Clash of cultures
Few would have thought that a quiet drink with friends could turn into a national debate about alcohol, gender and morality. But that's what happened after an incident on a breezy, Sunday afternoon last month in the city of Mangalore in the southwestern state of Karnataka.
A group of young men and women were drinking beer in a pub on the eve of India's Republic Day when all hell broke loose. Forty men claiming to be members of the Hindu extremist group Shri Ram Sene (Army of Lord Ram) barged into the pub, pushed the men aside and pounced on the women. They dragged them off their stools by the hair, slapping and kicking them, before pushing them to the ground and trying to strip and grope them.
Ram Sene leader Pramod Muthalik later said that the group's goal was to safeguard Indian culture. 'We consider women as godly and our culture does not allow drinking, smoking and dancing in skimpy clothes. Indian culture is not pub culture,' he said.

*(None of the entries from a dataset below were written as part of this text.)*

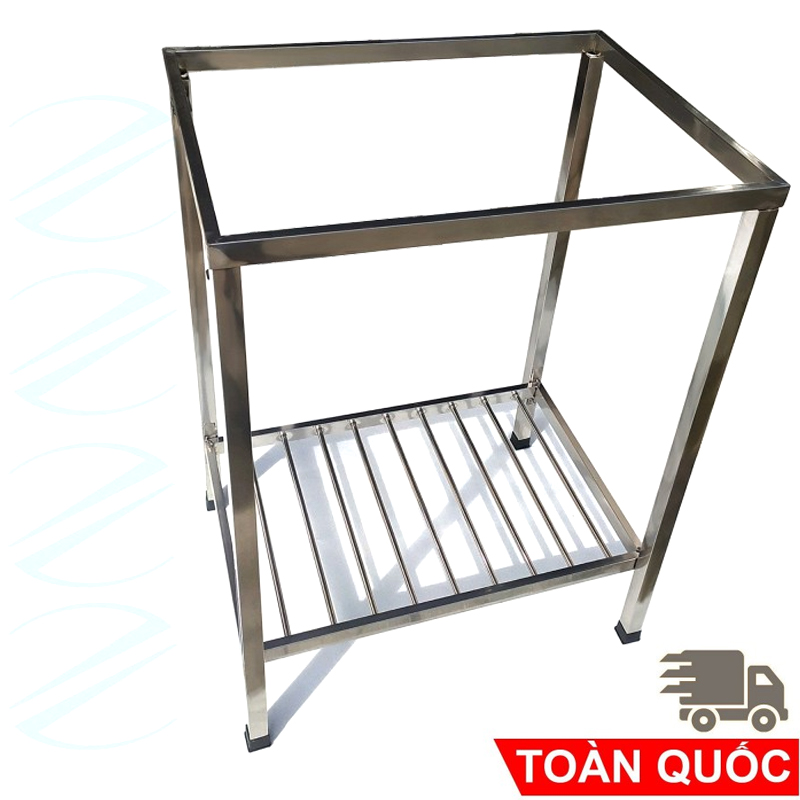 COMBO Chậu Rửa Chén Bát 1 Hộc 60x45cm Có Chân Cao 81cm Kèm Vòi Inox Nóng Lạnh - Gồm kệ chân, chậu, vòi, bộ xả, tặng đầu xịt xà bông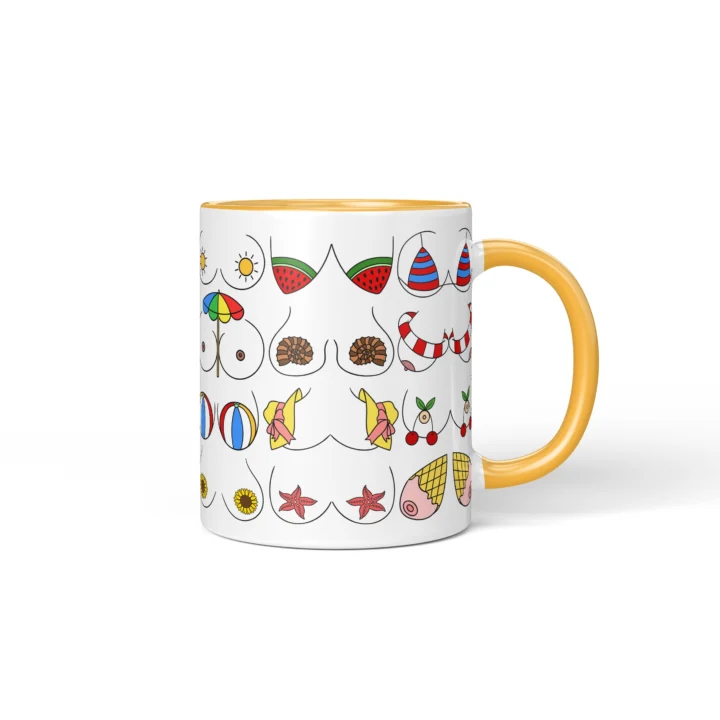Summer Boobs Mug - Cheeky Beach Vacation Gift - Golden Yellow mug mockup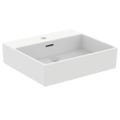 Immagine di Ideal Standard EXTRA lavabo smaltato  rettangolare sospeso o da appoggio L.50 cm, monoforo, con troppopieno, colore bianco T372601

The attack - captured on camera by a television crew invited by Ram Sene itself, and replayed over and over again by TV channels - sent shockwaves through the country, causing outrage at what was seen as an attempt to 'Talebanise' India.
Karnataka's ruling Hindu nationalist Bharatiya Janata Party (BJP) quickly distanced itself from the incident, though Mr Muthalik has been a member of Hindu radical groups for decades. But even as he disowned Ram Sene, the state's chief minister B.S. Yeddyurappa deftly played down the attack, harping instead on the evils of 'pub culture' and why it must be stopped.
This attempt to play to a deeply conservative society's unease at rapidly changing social mores worked like magic as leaders around the nation and across party lines rushed to denounce 'pub culture'.